Был положительный эффект? Да, был. Никто не станет отрицать, что в первые 8 лет XXI в. были довольно высокие темпы роста. С чем они были связаны? Когда Владимир Владимирович Путин сказал, что надо удвоить ВВП, журнал Economist язвительно написал: «Что произойдет, если нефть будет стоить 50 долларов (тогда нефть была довольно дешевая, это начало XXI в.)? Тогда удвоение произойдет к 2015 г. А если больше 70, то к 2013 г., а если больше 100 долларов — к 2011 г.». Вот, удвоение произошло, но не только благодаря нашим усилиям (хотя я не хочу их совсем занижать), но и благодаря тому, что были очень высокие темпы роста цен на нефть.
Воспользовались мы этим периодом? Нет, к сожалению. В полной мере те возможности, которые были, мы не использовали. Они пошли в значительной мере на проведение Олимпиады, и сейчас мы готовим другое крупное спортивное мероприятие — Чемпионат мира по футболу; Универсиаду блестяще провели в Казани. Но не случайно многие задают вопрос: «А что было бы, если бы эти деньги были использованы альтернативным образом?» Что было, если бы мы создали контрфактическую модель? Я думаю, что, может быть, не менее эффективно потратили бы. Хотя, конечно, те же Олимпийские игры (я об этом писал в своей последней книжке) дали большой положительный сдвиг к развитию, во всяком случае, Юга России.
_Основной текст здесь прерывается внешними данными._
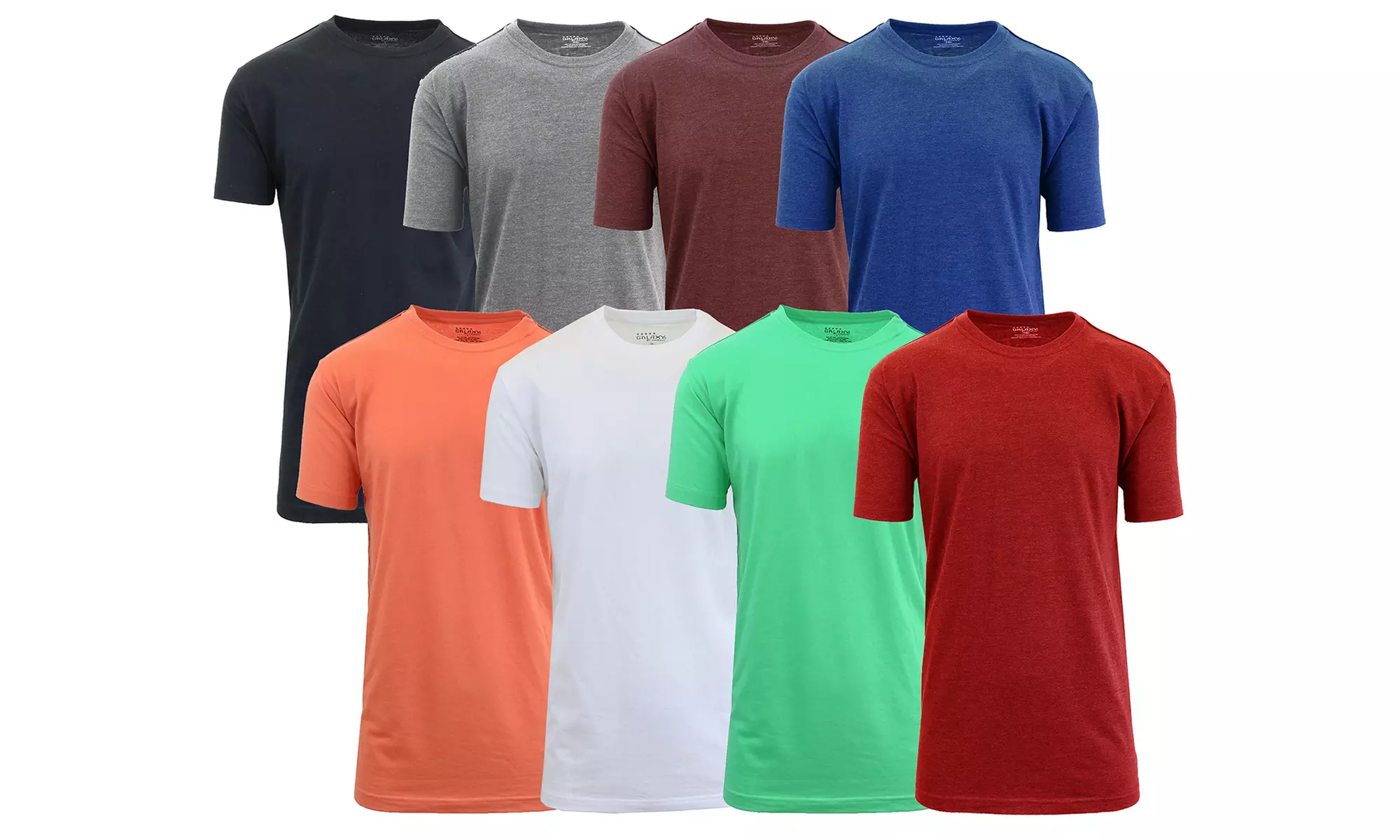 Galaxy by Harvic Men's Short Sleeve Slim-Fit Crew Neck Tees (8-Pack; M-L) - Primary Image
Полностью ли себя исчерпала прежняя экономическая модель? Да. Мелочное руководство исчерпало. А на попытки сейчас искусственно расширить функции Центрального банка мы уже прореагировали в нашем журнале — там появилась статья (причем — студента) Гимирана Утенова «Шаг вперед или два шага назад?».
— В начале марта в Финансовом университете состоялась представительная международная научная конференция «Развитие современной России: проблемы воспроизводства и созидания». Как Вы оцениваете ее итоги? Какие предложения, мысли, идеи, которые были высказаны на конференции, показались Вам интересными и полезными?
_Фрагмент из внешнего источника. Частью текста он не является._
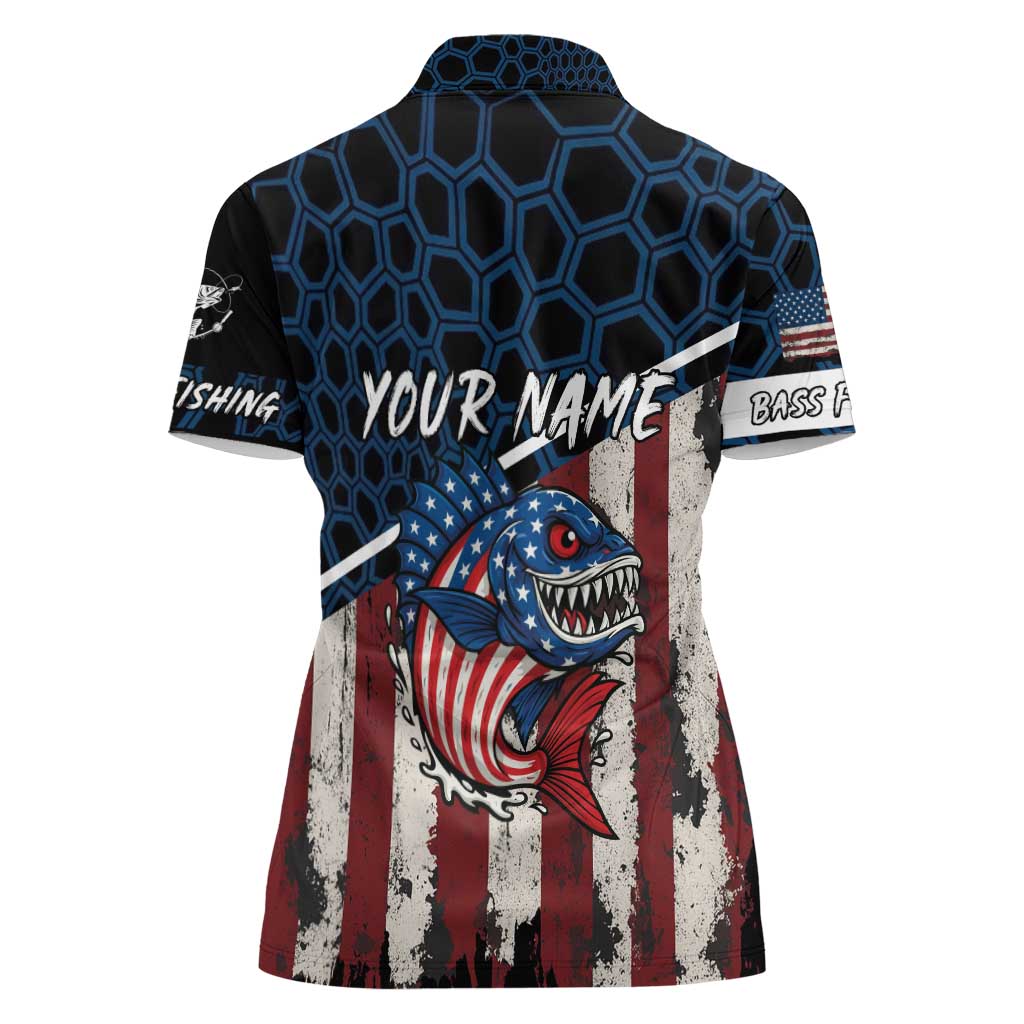 Aggressive Bass Fishing Women Polo Shirt with American Flag Pattern on Grunge Hex Background - Wonder Print Shop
— Это была пятая конференция. Я очень высоко оцениваю ее итоги. Мне кажется, растет авторитет. Дело в том, что в Высшей школе экономики уже давно проходят конференции, и я член оргкомитета. Но они классически либеральные. Сейчас Институт Гайдара и Академия народного хозяйства стали проводить конференции, но они тоже классически либеральные. Конференций альтернативных, с большей критикой, с большим приближением к реальным проблемам реальной экономики очень мало. И если Финансовый университет продолжит эту традицию, то мы можем стать центром, который не только позитивно оценивает или критикует с позиций «правых», но и с позиций «левых».
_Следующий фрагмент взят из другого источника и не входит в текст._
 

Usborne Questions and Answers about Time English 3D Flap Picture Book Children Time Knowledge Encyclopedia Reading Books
Более того, приятно отметить: на последней конференции было много конкретных секций. Это не только общетеоретическая дискуссия, которой было посвящено пленарное заседание, но и очень интересные секции, затрагивающие вполне конкретные проблемы. Очень интересная была секция, например, у Марины Александровны Абрамовой по банкам. Чрезвычайно интересные секции были, посвященные инновационной политике, международным экономическим отношениям. Получилось, что довольно активно стали участвовать кафедры нашего замечательного университета. И это, конечно, будет прекрасным смотром.
Другое дело, что нужно ее делать двух-, а может и трехдневную конференцию. Конечно, это тяжело — и с физической, и с иной точки зрения, но собирается такое большое количество ученых! «Вышкинская» конференция неделю проходит, «гайдаровская» — тоже почти неделю. Единственное, что мне кажется, надо жестче подходить к докладам.Что у нас получилось в этом году? Докладов прислали много, но только половина авторов, приславших доклады, выступили.
Еще мне кажется, что надо немного больше внимания уделять дискутантам, т. е. обсуждению представленных докладов.
Вообще, много было любопытных идей, и надо разрабатывать позитивную проблему воспроизводства и созидания как альтернативу. А когда собирается такой солидный форум — это очень важно, потому что, если мы не будем заявлять о себе, наш голос не будет услышан.